DESCRIPTION OF THE TASK:
The reply to the records below should contain exactly the lines from the line with "POLHAM WINDBREAKER RUNNING" through the line with "Radio Shack ET-685", and nothing besides.

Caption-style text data
____

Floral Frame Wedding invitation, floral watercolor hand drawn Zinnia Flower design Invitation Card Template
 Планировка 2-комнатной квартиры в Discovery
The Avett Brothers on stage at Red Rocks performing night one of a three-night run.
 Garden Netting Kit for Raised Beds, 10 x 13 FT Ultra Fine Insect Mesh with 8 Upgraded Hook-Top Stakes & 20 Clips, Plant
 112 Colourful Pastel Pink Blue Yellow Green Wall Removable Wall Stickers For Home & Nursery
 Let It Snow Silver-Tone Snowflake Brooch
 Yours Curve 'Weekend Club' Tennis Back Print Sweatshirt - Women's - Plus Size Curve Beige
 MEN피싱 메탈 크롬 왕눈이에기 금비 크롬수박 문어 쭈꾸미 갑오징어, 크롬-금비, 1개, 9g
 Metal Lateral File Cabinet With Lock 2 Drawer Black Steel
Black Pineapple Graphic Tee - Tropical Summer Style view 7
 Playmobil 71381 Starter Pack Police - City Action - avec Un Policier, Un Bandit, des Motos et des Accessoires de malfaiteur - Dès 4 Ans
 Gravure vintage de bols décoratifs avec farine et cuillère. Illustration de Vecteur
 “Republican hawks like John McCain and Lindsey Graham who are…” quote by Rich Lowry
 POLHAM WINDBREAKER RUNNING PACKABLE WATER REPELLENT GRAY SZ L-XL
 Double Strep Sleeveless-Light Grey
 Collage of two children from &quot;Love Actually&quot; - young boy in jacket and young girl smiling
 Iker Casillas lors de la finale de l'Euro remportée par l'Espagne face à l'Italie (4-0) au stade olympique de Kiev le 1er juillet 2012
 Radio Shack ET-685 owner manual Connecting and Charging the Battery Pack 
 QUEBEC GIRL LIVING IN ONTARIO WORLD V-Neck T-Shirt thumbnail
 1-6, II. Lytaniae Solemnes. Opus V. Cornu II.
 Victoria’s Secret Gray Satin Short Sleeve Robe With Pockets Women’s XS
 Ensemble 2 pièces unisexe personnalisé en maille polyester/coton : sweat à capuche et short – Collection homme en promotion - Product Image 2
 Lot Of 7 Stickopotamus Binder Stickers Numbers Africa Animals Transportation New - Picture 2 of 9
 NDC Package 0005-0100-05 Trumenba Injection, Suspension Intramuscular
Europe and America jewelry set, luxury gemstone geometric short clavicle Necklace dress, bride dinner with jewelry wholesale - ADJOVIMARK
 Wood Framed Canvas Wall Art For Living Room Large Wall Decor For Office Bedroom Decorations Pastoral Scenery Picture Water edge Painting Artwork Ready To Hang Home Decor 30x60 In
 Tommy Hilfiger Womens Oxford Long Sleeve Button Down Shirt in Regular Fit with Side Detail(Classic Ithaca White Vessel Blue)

____

OUTPUT FOR THIS TASK:
 POLHAM WINDBREAKER RUNNING PACKABLE WATER REPELLENT GRAY SZ L-XL
 Double Strep Sleeveless-Light Grey
 Collage of two children from &quot;Love Actually&quot; - young boy in jacket and young girl smiling
 Iker Casillas lors de la finale de l'Euro remportée par l'Espagne face à l'Italie (4-0) au stade olympique de Kiev le 1er juillet 2012
 Radio Shack ET-685 owner manual Connecting and Charging the Battery Pack 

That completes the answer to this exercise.